In full and without changes, output the data.
---------- Data
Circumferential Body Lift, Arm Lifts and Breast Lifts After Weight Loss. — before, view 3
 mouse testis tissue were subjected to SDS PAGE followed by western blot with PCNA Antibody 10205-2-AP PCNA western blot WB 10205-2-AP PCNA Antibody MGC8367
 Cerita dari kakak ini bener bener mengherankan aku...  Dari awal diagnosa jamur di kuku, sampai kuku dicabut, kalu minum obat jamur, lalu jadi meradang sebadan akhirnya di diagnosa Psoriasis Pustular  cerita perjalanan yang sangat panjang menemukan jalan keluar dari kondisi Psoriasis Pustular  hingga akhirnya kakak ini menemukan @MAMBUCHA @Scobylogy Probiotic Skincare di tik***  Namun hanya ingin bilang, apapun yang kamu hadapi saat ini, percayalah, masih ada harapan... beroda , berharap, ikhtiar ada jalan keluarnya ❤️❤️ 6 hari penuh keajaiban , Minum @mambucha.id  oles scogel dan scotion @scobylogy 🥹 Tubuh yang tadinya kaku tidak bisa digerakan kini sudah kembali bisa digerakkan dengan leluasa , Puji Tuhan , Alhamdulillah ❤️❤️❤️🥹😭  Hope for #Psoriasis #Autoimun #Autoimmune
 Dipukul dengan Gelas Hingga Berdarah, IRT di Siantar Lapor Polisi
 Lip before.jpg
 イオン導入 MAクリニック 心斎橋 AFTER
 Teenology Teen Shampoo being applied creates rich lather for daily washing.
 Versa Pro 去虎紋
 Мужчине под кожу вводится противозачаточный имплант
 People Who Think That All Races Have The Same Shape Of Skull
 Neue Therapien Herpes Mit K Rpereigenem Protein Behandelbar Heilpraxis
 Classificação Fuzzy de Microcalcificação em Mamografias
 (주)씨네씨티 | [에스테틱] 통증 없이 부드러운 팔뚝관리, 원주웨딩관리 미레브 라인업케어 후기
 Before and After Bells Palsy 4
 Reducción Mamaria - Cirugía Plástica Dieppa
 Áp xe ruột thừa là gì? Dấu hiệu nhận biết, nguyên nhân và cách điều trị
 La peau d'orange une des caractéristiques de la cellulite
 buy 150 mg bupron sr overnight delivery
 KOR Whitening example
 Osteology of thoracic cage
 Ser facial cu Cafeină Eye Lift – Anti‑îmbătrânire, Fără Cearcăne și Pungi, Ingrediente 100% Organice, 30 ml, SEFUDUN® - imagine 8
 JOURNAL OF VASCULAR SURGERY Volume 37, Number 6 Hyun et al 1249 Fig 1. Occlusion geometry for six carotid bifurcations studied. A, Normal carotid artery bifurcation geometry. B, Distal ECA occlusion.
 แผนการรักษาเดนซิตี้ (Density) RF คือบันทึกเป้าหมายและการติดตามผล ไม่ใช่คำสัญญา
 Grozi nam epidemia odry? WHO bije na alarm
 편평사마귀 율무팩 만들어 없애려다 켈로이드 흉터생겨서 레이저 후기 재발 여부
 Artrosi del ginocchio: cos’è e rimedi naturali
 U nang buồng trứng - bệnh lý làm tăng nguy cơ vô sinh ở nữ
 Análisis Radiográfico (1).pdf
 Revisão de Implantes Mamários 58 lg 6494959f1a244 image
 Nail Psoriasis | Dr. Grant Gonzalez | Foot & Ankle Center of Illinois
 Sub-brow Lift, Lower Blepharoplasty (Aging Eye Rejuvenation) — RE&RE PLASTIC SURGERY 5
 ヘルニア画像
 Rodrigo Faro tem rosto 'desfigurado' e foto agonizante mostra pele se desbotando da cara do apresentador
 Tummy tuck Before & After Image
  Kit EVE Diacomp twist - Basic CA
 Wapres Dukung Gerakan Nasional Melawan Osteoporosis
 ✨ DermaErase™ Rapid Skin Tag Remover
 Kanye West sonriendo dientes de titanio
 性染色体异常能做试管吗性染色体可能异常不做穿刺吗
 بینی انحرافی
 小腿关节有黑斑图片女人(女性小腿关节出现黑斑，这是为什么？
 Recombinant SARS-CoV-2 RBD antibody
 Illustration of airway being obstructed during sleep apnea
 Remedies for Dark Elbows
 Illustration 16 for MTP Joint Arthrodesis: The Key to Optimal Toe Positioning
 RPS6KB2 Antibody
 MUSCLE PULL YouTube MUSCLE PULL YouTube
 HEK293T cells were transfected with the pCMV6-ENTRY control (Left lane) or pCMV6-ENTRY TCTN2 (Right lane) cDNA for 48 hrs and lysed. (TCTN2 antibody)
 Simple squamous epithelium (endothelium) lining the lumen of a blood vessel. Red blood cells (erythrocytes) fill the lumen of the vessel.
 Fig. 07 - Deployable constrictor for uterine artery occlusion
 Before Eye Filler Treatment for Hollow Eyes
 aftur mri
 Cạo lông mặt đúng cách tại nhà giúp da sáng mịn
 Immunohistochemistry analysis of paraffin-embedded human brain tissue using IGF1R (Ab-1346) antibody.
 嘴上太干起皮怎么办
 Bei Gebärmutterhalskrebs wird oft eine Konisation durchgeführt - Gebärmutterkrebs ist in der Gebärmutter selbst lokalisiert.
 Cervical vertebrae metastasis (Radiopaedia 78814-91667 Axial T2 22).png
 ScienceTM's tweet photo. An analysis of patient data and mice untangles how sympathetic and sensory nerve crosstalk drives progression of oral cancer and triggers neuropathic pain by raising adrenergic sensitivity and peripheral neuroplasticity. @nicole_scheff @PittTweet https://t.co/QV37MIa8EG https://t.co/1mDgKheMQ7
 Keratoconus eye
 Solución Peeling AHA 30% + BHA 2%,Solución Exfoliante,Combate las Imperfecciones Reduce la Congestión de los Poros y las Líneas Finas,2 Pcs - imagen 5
--------------------
> [Exercise output]:
Circumferential Body Lift, Arm Lifts and Breast Lifts After Weight Loss. — before, view 3
 mouse testis tissue were subjected to SDS PAGE followed by western blot with PCNA Antibody 10205-2-AP PCNA western blot WB 10205-2-AP PCNA Antibody MGC8367
 Cerita dari kakak ini bener bener mengherankan aku...  Dari awal diagnosa jamur di kuku, sampai kuku dicabut, kalu minum obat jamur, lalu jadi meradang sebadan akhirnya di diagnosa Psoriasis Pustular  cerita perjalanan yang sangat panjang menemukan jalan keluar dari kondisi Psoriasis Pustular  hingga akhirnya kakak ini menemukan @MAMBUCHA @Scobylogy Probiotic Skincare di tik***  Namun hanya ingin bilang, apapun yang kamu hadapi saat ini, percayalah, masih ada harapan... beroda , berharap, ikhtiar ada jalan keluarnya ❤️❤️ 6 hari penuh keajaiban , Minum @mambucha.id  oles scogel dan scotion @scobylogy 🥹 Tubuh yang tadinya kaku tidak bisa digerakan kini sudah kembali bisa digerakkan dengan leluasa , Puji Tuhan , Alhamdulillah ❤️❤️❤️🥹😭  Hope for #Psoriasis #Autoimun #Autoimmune
 Dipukul dengan Gelas Hingga Berdarah, IRT di Siantar Lapor Polisi
 Lip before.jpg
 イオン導入 MAクリニック 心斎橋 AFTER
 Teenology Teen Shampoo being applied creates rich lather for daily washing.
 Versa Pro 去虎紋
 Мужчине под кожу вводится противозачаточный имплант
 People Who Think That All Races Have The Same Shape Of Skull
 Neue Therapien Herpes Mit K Rpereigenem Protein Behandelbar Heilpraxis
 Classificação Fuzzy de Microcalcificação em Mamografias
 (주)씨네씨티 | [에스테틱] 통증 없이 부드러운 팔뚝관리, 원주웨딩관리 미레브 라인업케어 후기
 Before and After Bells Palsy 4
 Reducción Mamaria - Cirugía Plástica Dieppa
 Áp xe ruột thừa là gì? Dấu hiệu nhận biết, nguyên nhân và cách điều trị
 La peau d'orange une des caractéristiques de la cellulite
 buy 150 mg bupron sr overnight delivery
 KOR Whitening example
 Osteology of thoracic cage
 Ser facial cu Cafeină Eye Lift – Anti‑îmbătrânire, Fără Cearcăne și Pungi, Ingrediente 100% Organice, 30 ml, SEFUDUN® - imagine 8
 JOURNAL OF VASCULAR SURGERY Volume 37, Number 6 Hyun et al 1249 Fig 1. Occlusion geometry for six carotid bifurcations studied. A, Normal carotid artery bifurcation geometry. B, Distal ECA occlusion.
 แผนการรักษาเดนซิตี้ (Density) RF คือบันทึกเป้าหมายและการติดตามผล ไม่ใช่คำสัญญา
 Grozi nam epidemia odry? WHO bije na alarm
 편평사마귀 율무팩 만들어 없애려다 켈로이드 흉터생겨서 레이저 후기 재발 여부
 Artrosi del ginocchio: cos’è e rimedi naturali
 U nang buồng trứng - bệnh lý làm tăng nguy cơ vô sinh ở nữ
 Análisis Radiográfico (1).pdf
 Revisão de Implantes Mamários 58 lg 6494959f1a244 image
 Nail Psoriasis | Dr. Grant Gonzalez | Foot & Ankle Center of Illinois
 Sub-brow Lift, Lower Blepharoplasty (Aging Eye Rejuvenation) — RE&RE PLASTIC SURGERY 5
 ヘルニア画像
 Rodrigo Faro tem rosto 'desfigurado' e foto agonizante mostra pele se desbotando da cara do apresentador
 Tummy tuck Before & After Image
  Kit EVE Diacomp twist - Basic CA
 Wapres Dukung Gerakan Nasional Melawan Osteoporosis
 ✨ DermaErase™ Rapid Skin Tag Remover
 Kanye West sonriendo dientes de titanio
 性染色体异常能做试管吗性染色体可能异常不做穿刺吗
 بینی انحرافی
 小腿关节有黑斑图片女人(女性小腿关节出现黑斑，这是为什么？
 Recombinant SARS-CoV-2 RBD antibody
 Illustration of airway being obstructed during sleep apnea
 Remedies for Dark Elbows
 Illustration 16 for MTP Joint Arthrodesis: The Key to Optimal Toe Positioning
 RPS6KB2 Antibody
 MUSCLE PULL YouTube MUSCLE PULL YouTube
 HEK293T cells were transfected with the pCMV6-ENTRY control (Left lane) or pCMV6-ENTRY TCTN2 (Right lane) cDNA for 48 hrs and lysed. (TCTN2 antibody)
 Simple squamous epithelium (endothelium) lining the lumen of a blood vessel. Red blood cells (erythrocytes) fill the lumen of the vessel.
 Fig. 07 - Deployable constrictor for uterine artery occlusion
 Before Eye Filler Treatment for Hollow Eyes
 aftur mri
 Cạo lông mặt đúng cách tại nhà giúp da sáng mịn
 Immunohistochemistry analysis of paraffin-embedded human brain tissue using IGF1R (Ab-1346) antibody.
 嘴上太干起皮怎么办
 Bei Gebärmutterhalskrebs wird oft eine Konisation durchgeführt - Gebärmutterkrebs ist in der Gebärmutter selbst lokalisiert.
 Cervical vertebrae metastasis (Radiopaedia 78814-91667 Axial T2 22).png
 ScienceTM's tweet photo. An analysis of patient data and mice untangles how sympathetic and sensory nerve crosstalk drives progression of oral cancer and triggers neuropathic pain by raising adrenergic sensitivity and peripheral neuroplasticity. @nicole_scheff @PittTweet https://t.co/QV37MIa8EG https://t.co/1mDgKheMQ7
 Keratoconus eye
 Solución Peeling AHA 30% + BHA 2%,Solución Exfoliante,Combate las Imperfecciones Reduce la Congestión de los Poros y las Líneas Finas,2 Pcs - imagen 5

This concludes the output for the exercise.